There aren’t actually more of these voters than there used to be.
Теперь часть, которая кажется мне бесспорной: Contrary to liberal hysteria, Trump hasn’t managed to ignite some new White Power movement.
What he’s done, in his frenzied, yearlong effort to find love and acceptance among people with whom he really has nothing in common, is to relegitimize attitudes that had become unacceptable in polite conversation and often career-ending in public discourse.
This is a different thing from enforcing political correctness, which is what bigots always scream you’re trying to do. I’ve written a few times before about my disdain for “safe spaces” and “trigger warnings” and the bleaching out of historical figures who make us uncomfortable. I’ll be the first one to stand up for your right to disagree about how we define liberty and progress.
No, what we’re talking about here is a worldview that says: America is a white, male-dominated, Christian country, and the blurring of cultures and ethnicities (not to mention genders) represents not our evolution, but rather our undoing. It is an inherently anti-American creed, and until this year it had been gradually discredited in national politics.
The effect of Trump’s televised rallies and rhetoric, void of compassion or intellect, can be seen now in places you wouldn’t have normally encountered it before. Take, for instance, the recent experience of Michael Luo, my former colleague at the New York Times, who wrote about a woman on Manhattan’s Upper East Side who shouted at him to take his family back to China where they belonged.
In Trump’s America, as in the Reality TV world from which he spawned, nothing is too outrageous or too mean to blurt out. No one needs to accept modernity or feel shame for spewing ignorance. This is his legacy.
И про республиканскую партию тоже очень верно, по-моему. It’s also about to become the legacy of the Republican Party, which is why Republican leaders will have a special responsibility to deal with it once this runaway train has to come to rest against the side of a mountain.
For years now, ruling Republicans have tried to have it both ways - to somehow mollify and exploit the darkest impulses of the electorate while publicly espousing the high-minded principles of conservatism. [...]
This will be, after all, the fourth straight election in which Republicans have been crushed among first-time voters. And at the end of the day, Trump will probably pull fewer than a third of so-called millennial voters, who are already surpassing baby boomers as the largest share of the electorate.

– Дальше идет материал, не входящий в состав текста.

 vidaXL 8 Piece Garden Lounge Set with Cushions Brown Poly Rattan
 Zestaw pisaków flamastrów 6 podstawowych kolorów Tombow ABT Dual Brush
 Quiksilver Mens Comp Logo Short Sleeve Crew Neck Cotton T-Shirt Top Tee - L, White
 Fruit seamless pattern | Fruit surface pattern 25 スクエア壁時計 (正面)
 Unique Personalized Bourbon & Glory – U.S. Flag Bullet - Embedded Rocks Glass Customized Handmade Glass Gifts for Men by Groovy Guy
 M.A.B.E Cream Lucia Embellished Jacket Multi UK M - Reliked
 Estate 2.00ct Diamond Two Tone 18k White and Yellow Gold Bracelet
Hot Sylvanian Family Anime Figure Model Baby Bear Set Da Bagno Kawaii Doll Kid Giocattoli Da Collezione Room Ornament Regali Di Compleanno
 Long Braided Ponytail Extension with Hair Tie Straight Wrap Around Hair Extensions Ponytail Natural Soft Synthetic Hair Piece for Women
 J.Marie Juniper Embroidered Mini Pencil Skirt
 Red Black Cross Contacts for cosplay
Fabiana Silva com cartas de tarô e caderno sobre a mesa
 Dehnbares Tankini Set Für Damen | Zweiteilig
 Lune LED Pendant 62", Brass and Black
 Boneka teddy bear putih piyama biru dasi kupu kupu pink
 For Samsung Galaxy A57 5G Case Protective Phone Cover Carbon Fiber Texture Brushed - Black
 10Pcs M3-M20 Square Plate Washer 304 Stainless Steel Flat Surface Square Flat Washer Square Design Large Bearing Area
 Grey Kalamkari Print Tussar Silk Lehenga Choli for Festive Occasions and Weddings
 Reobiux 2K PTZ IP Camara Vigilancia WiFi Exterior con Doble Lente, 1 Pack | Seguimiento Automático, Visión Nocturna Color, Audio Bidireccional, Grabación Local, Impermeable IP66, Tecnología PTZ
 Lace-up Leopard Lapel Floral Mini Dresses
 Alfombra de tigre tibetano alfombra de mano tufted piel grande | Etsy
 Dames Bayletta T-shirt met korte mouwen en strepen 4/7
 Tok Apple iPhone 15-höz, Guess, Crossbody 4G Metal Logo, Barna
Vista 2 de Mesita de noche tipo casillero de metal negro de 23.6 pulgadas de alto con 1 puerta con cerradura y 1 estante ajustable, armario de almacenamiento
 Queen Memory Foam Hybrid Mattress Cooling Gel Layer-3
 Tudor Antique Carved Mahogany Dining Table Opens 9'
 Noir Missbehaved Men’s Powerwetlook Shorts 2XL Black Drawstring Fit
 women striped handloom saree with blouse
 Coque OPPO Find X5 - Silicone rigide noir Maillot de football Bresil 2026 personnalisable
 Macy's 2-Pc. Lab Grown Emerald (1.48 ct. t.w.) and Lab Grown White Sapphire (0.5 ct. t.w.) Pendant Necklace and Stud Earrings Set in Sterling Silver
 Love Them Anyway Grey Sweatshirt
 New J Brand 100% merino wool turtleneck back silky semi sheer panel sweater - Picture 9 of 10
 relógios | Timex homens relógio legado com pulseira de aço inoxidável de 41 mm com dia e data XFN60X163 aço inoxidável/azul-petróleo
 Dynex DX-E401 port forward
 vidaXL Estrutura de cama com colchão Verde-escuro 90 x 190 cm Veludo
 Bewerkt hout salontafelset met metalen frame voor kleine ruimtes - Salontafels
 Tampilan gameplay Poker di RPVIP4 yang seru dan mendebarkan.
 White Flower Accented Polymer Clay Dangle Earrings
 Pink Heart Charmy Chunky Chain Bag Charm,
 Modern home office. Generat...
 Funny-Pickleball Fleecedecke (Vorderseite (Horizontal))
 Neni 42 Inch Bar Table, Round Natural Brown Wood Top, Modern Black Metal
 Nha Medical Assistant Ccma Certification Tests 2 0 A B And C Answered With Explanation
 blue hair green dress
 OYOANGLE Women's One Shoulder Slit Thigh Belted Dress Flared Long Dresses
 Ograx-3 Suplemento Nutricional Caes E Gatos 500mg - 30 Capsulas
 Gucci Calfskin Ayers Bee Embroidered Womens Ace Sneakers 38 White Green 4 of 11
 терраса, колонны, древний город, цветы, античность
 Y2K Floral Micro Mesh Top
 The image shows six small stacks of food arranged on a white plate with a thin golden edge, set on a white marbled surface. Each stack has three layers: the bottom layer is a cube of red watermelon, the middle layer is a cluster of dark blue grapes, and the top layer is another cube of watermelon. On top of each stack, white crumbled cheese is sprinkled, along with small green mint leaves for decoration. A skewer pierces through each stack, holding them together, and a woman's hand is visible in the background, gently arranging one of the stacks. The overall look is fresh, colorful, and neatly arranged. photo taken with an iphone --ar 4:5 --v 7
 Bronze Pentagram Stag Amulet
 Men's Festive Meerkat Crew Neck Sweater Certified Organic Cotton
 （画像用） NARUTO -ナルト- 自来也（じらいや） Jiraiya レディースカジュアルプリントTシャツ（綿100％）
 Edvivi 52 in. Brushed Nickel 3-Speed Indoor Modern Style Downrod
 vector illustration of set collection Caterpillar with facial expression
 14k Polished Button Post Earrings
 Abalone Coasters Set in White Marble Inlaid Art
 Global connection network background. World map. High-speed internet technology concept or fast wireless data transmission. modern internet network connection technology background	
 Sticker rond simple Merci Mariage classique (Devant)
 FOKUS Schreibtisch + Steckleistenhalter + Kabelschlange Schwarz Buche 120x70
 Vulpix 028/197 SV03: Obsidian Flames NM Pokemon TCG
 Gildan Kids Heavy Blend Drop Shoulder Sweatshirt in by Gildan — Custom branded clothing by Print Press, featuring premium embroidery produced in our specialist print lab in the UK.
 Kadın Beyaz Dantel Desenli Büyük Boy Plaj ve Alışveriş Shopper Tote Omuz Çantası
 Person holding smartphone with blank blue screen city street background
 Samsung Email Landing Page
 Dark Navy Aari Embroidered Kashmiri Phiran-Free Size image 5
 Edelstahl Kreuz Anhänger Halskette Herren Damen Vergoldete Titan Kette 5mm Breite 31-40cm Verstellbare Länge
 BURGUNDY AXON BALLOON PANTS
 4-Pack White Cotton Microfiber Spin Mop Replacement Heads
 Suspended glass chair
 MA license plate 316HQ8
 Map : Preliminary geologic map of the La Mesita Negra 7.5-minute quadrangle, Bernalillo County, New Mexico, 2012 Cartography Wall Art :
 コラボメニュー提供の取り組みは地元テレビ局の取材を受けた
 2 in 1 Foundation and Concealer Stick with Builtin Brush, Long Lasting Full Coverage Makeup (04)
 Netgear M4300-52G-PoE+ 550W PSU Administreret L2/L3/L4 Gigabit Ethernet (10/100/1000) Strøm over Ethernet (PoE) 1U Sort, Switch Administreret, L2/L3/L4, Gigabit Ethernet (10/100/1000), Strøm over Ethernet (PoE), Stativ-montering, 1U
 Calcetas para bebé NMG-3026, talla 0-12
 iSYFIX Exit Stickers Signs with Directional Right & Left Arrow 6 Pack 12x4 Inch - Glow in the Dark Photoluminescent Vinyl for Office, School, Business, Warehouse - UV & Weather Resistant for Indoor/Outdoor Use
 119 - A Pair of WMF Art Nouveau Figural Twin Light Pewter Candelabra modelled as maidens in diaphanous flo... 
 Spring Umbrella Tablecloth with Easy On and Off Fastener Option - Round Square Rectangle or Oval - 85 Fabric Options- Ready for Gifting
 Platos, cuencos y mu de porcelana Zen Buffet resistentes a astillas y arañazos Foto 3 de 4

You can bet Republicans will spend the next few months talking about what a terrible messenger Trump was. After that, they’ll pivot to reminding people of how little they like Clinton, and they’ll start searching for a candidate who can offer a better contrast in 2020.
But there is no distancing the party from Trump without disowning what he represents. Further down the well-worn path of accommodation and avoidance, there is only losing and irrelevance.
The Trump Show is just about over. Governing Republicans can’t afford a sequel, and neither can the rest of us.